#### Extracted information ####
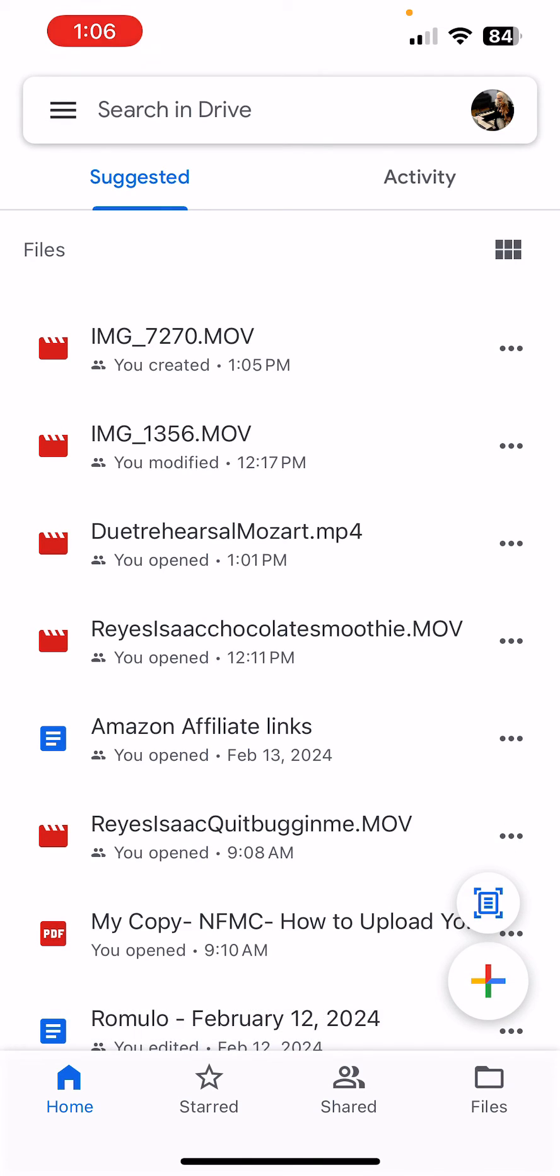Now all I have to do is I can share that through a text message, through a direct message, or through an email. Hope this has helped you on uploading and sharing a video on your phone.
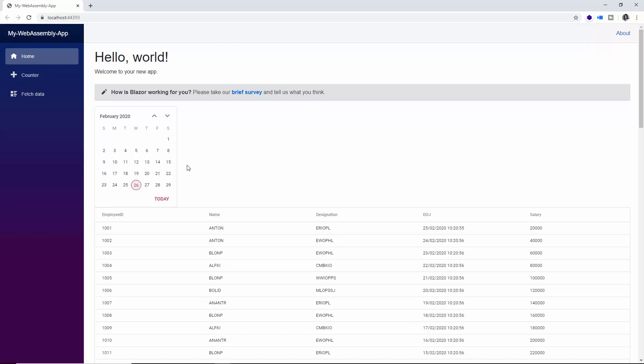In this way, you can add any of the Syncfusion components to the Blazor WebAssembly app and configure them with their different available features.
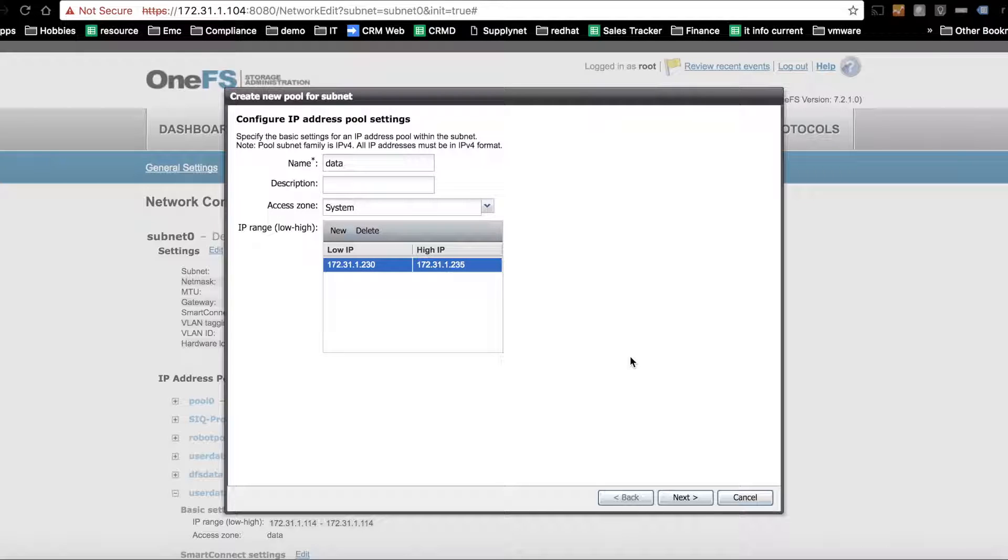We had a lot of questions about dual delegation, so we'll go through a little walkthrough to see how easy it is to configure.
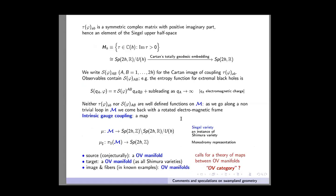A Shimura variety is essentially a non-compact symmetric space which is Kähler, divided by its arithmetic group. So it is of the form G/K divided by an arithmetic group, where G/K can be any symmetric space which is Kähler.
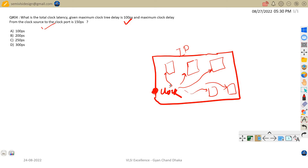The clock has to balance its delay. For example, the delay the clock takes travelling from the clock port to the first flop and the delay it takes from the clock port to the next flop should be kind of matching — ideally the same. Since the distance of these two flops from the clock port is not the same, there will be different RC delays and because of that there will be clock skew. Practically speaking, there is always clock skew, but we try to minimize it by designing a proper clock tree.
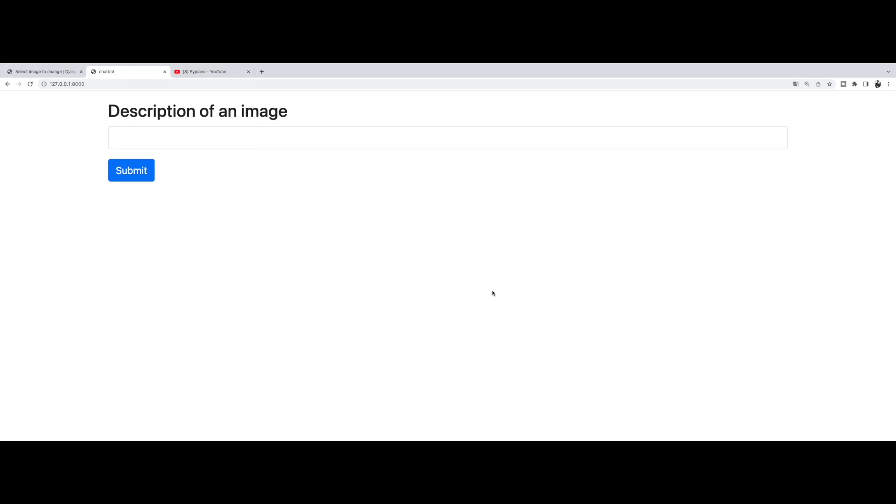Hi guys, in this video I'm going to show you how to use the OpenAI API in your Python Django projects in order to generate images from text.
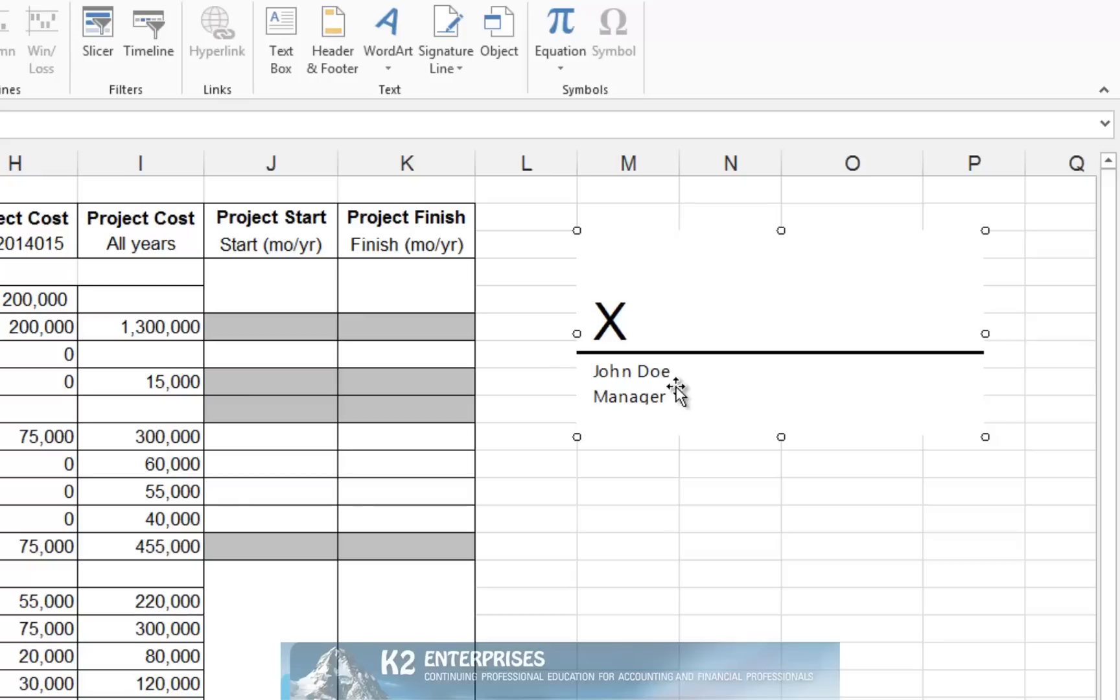However, the real power of the signature line is that if you provide the document to the signer electronically, they can add their digital signature, which not only indicates their approval or acceptance but also secures the document by placing it into a read-only format.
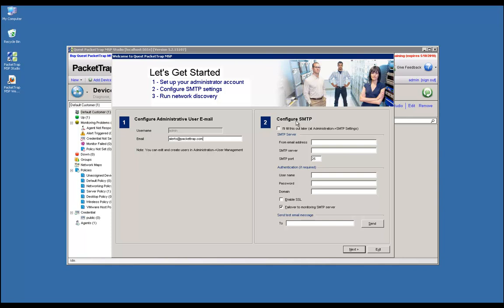This is critical to ensure you get notifications from PacketTrap when issues arise on your network. Enter a from email address, a valid SMTP server, and a port. If you need to change the port information, this is where you do that.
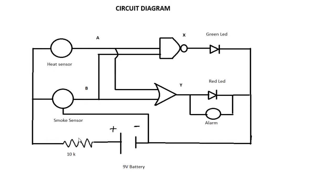To draw the circuit we needed two sensors: one heat sensor and one smoke sensor. We also needed one resistor, 10 kilohm, and a 9-volt battery. The other important things we needed were a NAND gate and a NOR gate, two LEDs - green and red, and an alarm.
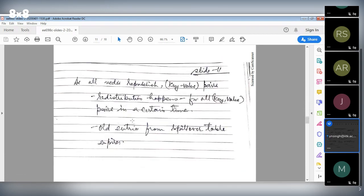All nodes will republish their key-value pairs — that's a feature in our design. Redistribution will happen for all key-value pairs within a certain time. Old entries from the spillover table will expire, and new nodes will now hold the data. That's how shortage of space at the proxy roots is taken care of.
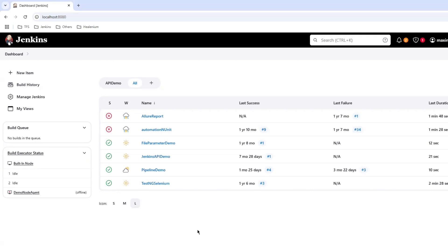Hello everyone, welcome back to Maxim Automation. Today in this video I'm going to show you how you can email your Allure report file. We have seen how we can generate an Allure report with different frameworks and how we can generate a single HTML file for the Allure report so that we can share it with the team. If you have not seen those videos, the link is given in the description.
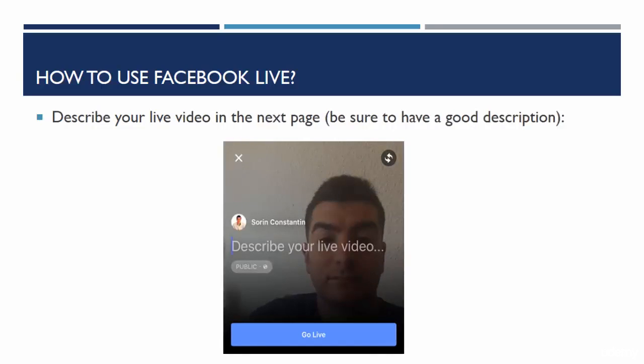Then you have to describe your live video on the next page. Be sure to have a very good description — something that attracts the attention of your audience, something that stands out and is also representative of what you want to do and share in your Facebook Live.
####
**Problem statement**
Word for word, restate the lines above from the first through the one that contains "In this way, you", and exclude all pictures.

**Reply**
Now all I have to do is I can share that through a text message, through a direct message, or through an email. Hope this has helped you on uploading and sharing a video on your phone.
In this way, you can add any of the Syncfusion components to the Blazor WebAssembly app and configure them with their different available features.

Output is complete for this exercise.